Wat was er de afgelopen jaren verder te zien? In de tentoonstelling Remix Rotterdam werden objecten uit de collecties van Boijmans Van Beuningen en het Wereldmuseum gemengd, in het kader van de serie Boijmans bij de Buren. Uitgangspunt was het thema ‘ontmoetingen’: universele, artistieke, commerciële en koloniale ontmoetingen. Net als bij de tentoonstelling Powermask, die het Wereldmuseum kort voor de verbouwing programmeerde, was een kunstenaar betrokken bij de opzet: De Rotterdammer Paul van der Eerden was uitgenodigd om de museale collecties van Boijmans en Wereldmuseum te verbinden. Dat leverde een minder spectaculair resultaat op dan bij Powermask, want de Antwerpse modeontwerper Walter Van Beirendonck, de curator van deze laatste tentoonstelling, is een flamboyantere persoonlijkheid dan Van der Eerden. Maar Van der Eerden brengt wel een grote kennis van outsider art, etnografica en volkskunst mee, waarvan we in deze tentoonstelling echter niet veel van merkten. Hij had in het kleine zalencircuit van Remix Rotterdam wellicht te weinig ruimte om echt uit te kunnen pakken.

Genderful

En toen was daar plotseling de tentoonstelling What a genderful world. Die had ik al twee keer in het Tropenmuseum in Amsterdam gezien, waar die lang heeft gestaan. Wat nu, was mijn verhitte reactie, is het de bedoeling dat Rotterdam voortaan de afdankertjes uit Amsterdam krijgt? Ik ben de tentoonstelling opnieuw gaan zien, nu dus in het Wereldmuseum. Het werd me snel duidelijk: het nieuwe Wereldmuseum maakt geen tentoonstellingen voor mensen die ook in Amsterdam tentoonstellingen bezoeken. Het Wereldmuseum wil  niet het reguliere, mobiele museumpubliek bereiken, wil andere verhalen vertellen dan de ‘traditionele’ musea, mikt op een ander publiek. Dat bleek uit allerlei betekenisvolle details, zoals de beschrijvingen van de getoonde museale voorwerpen: in de kleinst leesbare letter. Het ging om de boodschap, het verhaal, niet om het voorwerp.

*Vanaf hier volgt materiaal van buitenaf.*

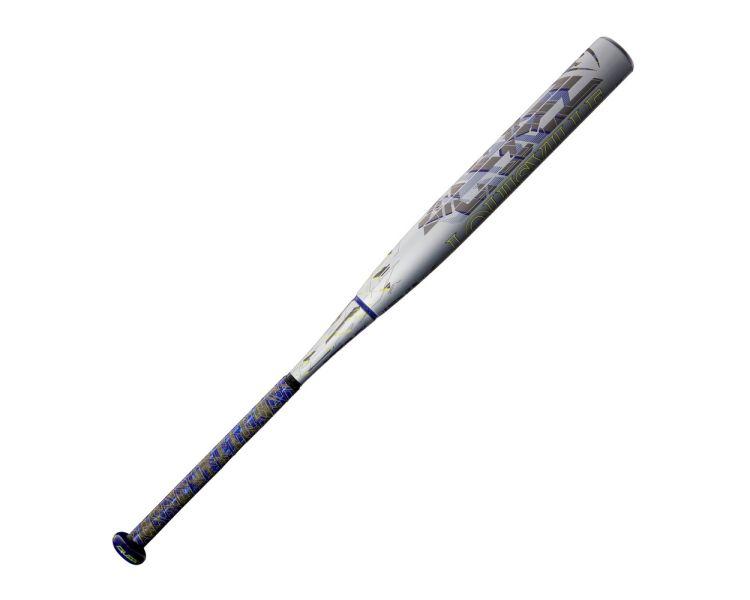 2022 Louisville Slugger XENO Softball Bat -11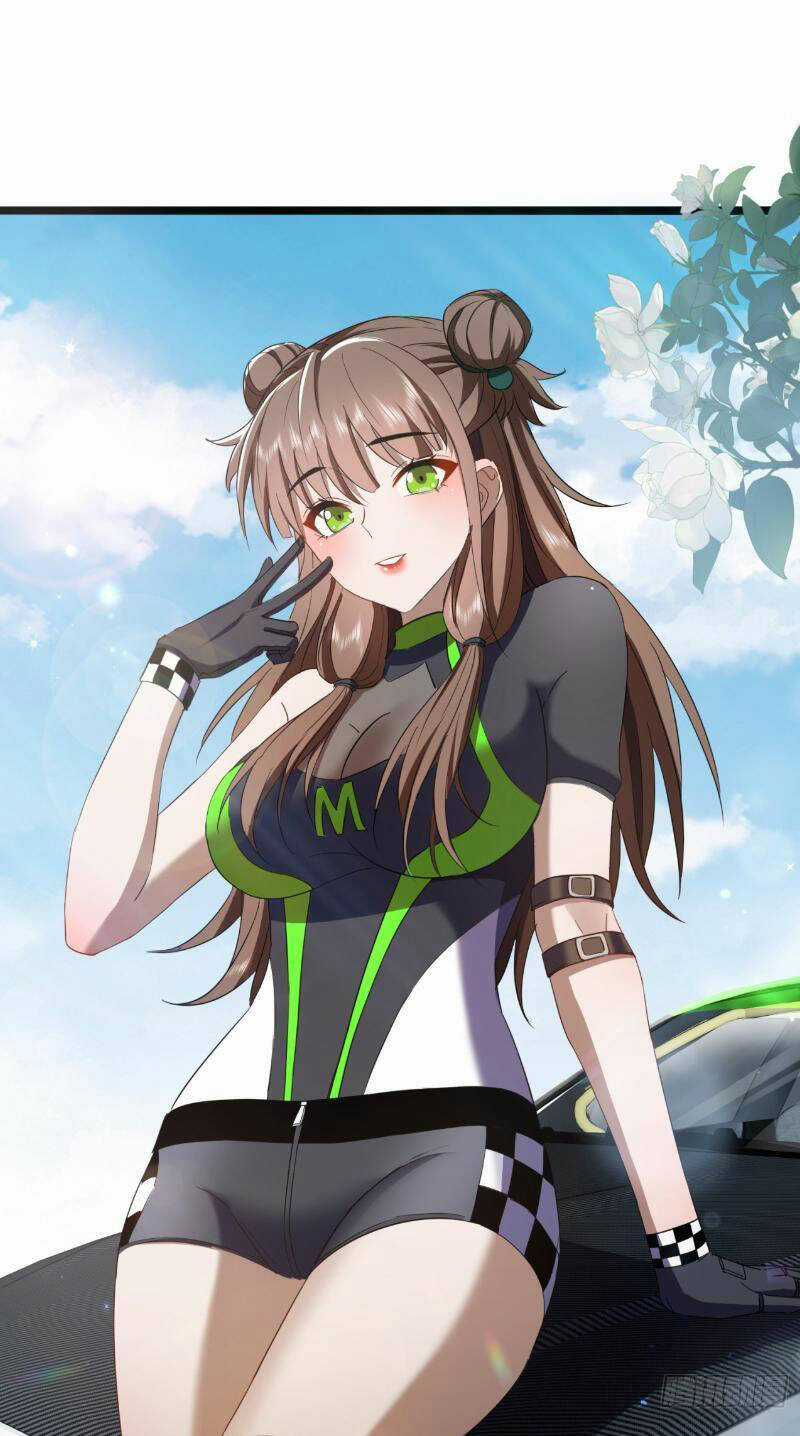 Trùm Phản Diện Muốn Tìm Chết! Chapter 25 trang 0
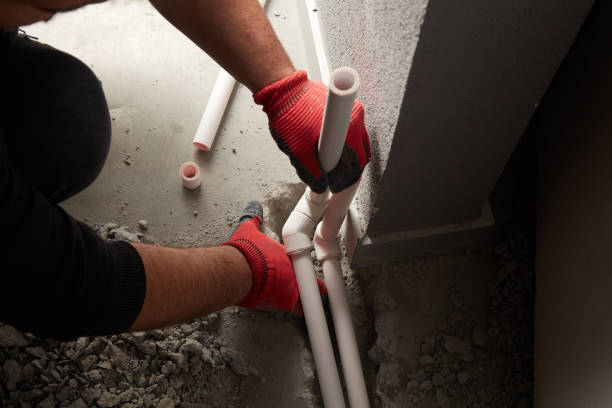 Best Commercial Plumbing Services  in Woodville, CA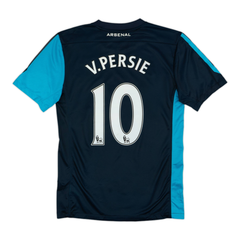 2011-12 Arsenal FC 2a Equipación product image 2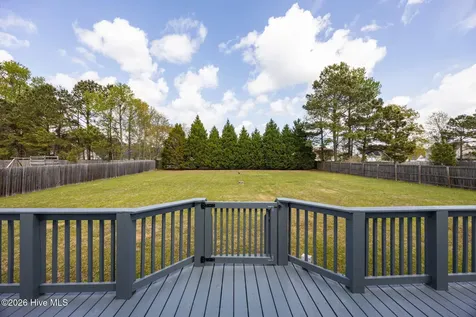 105 Quarter Horse Havelock NC 28532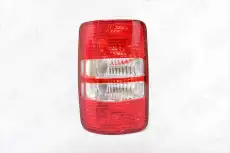Фонарь задний OEM OEM0252FONL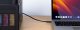 Kabel USB Reagle USB-C - USB-B 3 m Czarny 6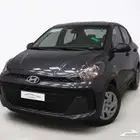هيونداي i10 جراند 2025 ( شركات ومؤسسات ) كاش واقساط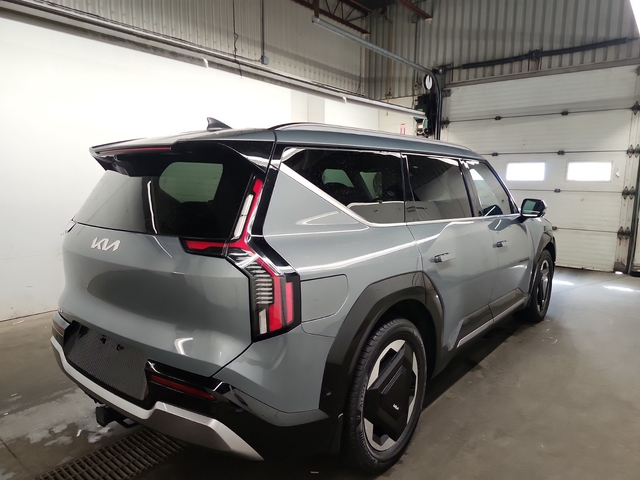 Kia EV9 N/A AWD - автомобили, коли, обяви за нови и употребявани 2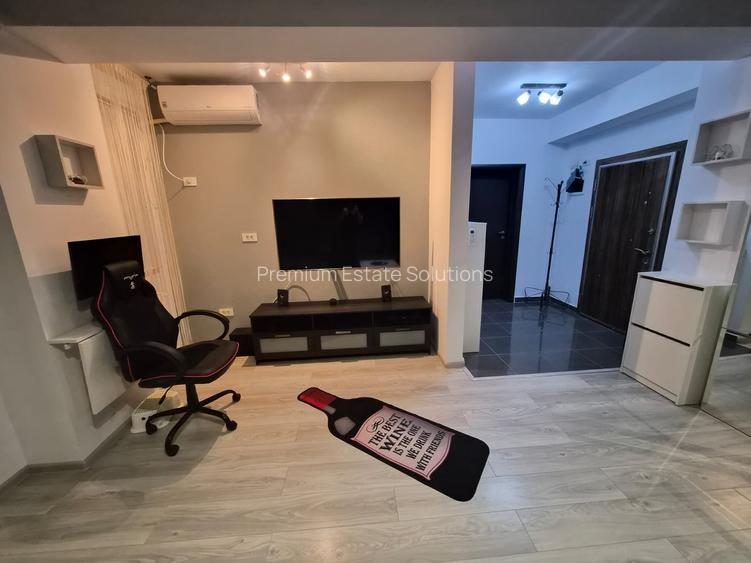 Apartament 2 camere mobilat - Mutare imediata - Comision 0% - 9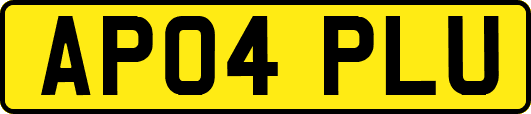 AP04PLU
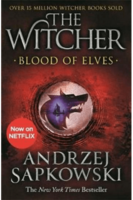 Witcher blood of elves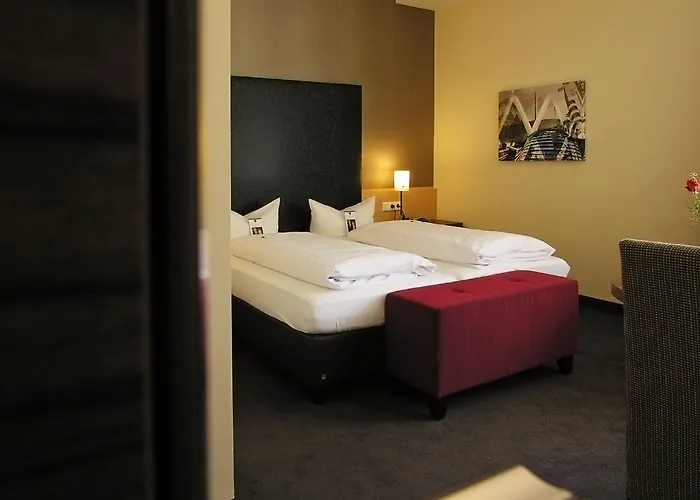 Hotel Western Lamm Singen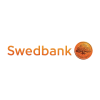 "Swedbank", AB 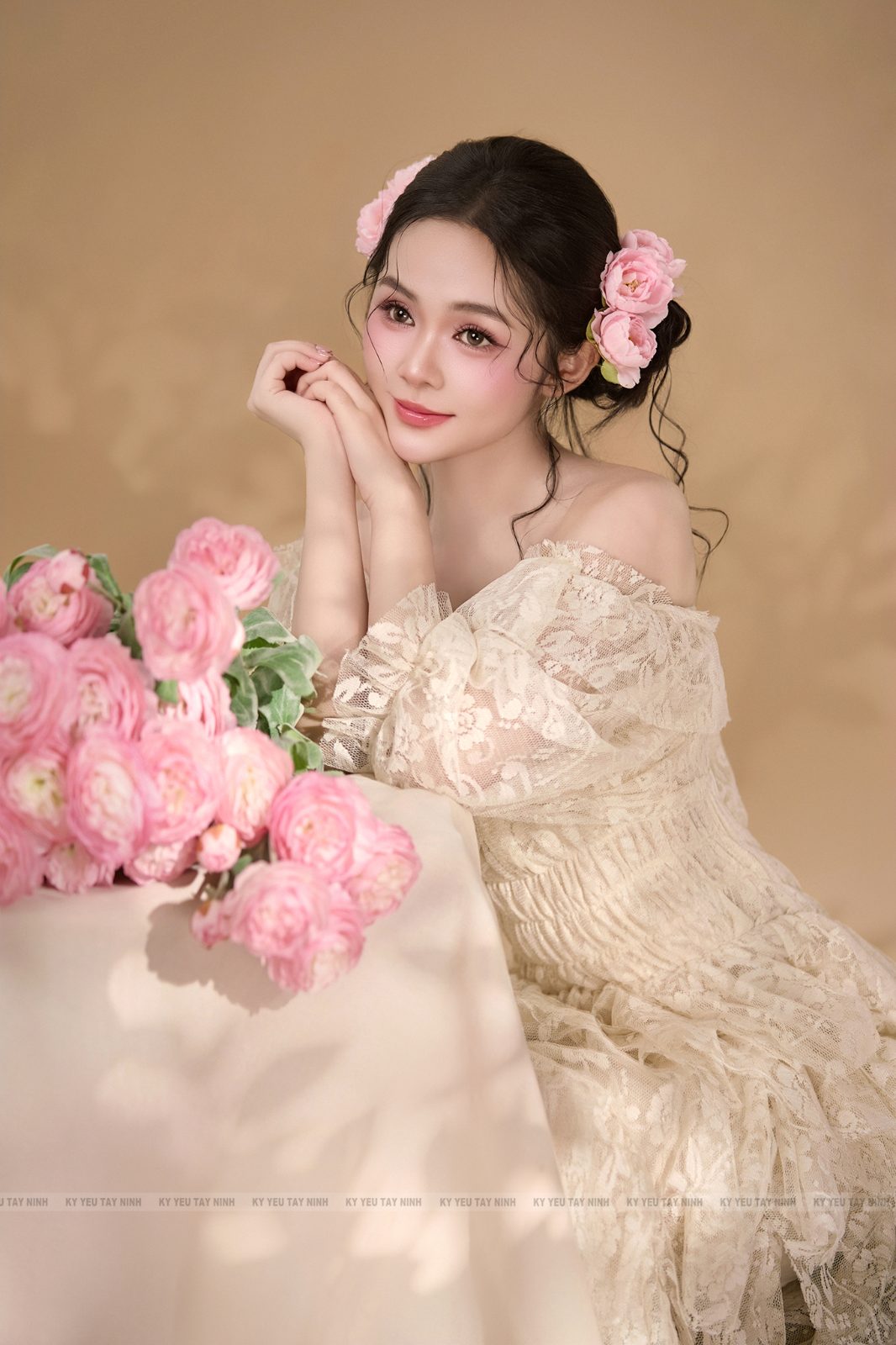 Hoa Mao Lương — ảnh 3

Onder de raadselachtige kop “Hoe word je een gender?” worden in de folder de vragen geformuleerd waarover de tentoonstelling handelde: bewustwording van gender als spectrum, hoe wordt over de hele wereld naar gender gekeken, bepaalt jouw lichaam je gender, wat wordt van jouw gender verwacht? Het aardige is dat de wereldwijde en historische blik van een etnografisch museum wel weg weet met dit soort vragen. Er waren en zijn nogal wat culturen waarin het harde onderscheid man/vrouw wordt gerelativeerd. Tussen mannelijkheid en vrouwelijkheid liggen nogal wat stappen en in verschillende culturen is er een breder spectrum aan gendervormen aanwezig (geweest). Kleurrijke voorbeelden van over de hele wereld kwamen in de tentoonstelling langs. Het was geen straf om die nog een derde keer te zien.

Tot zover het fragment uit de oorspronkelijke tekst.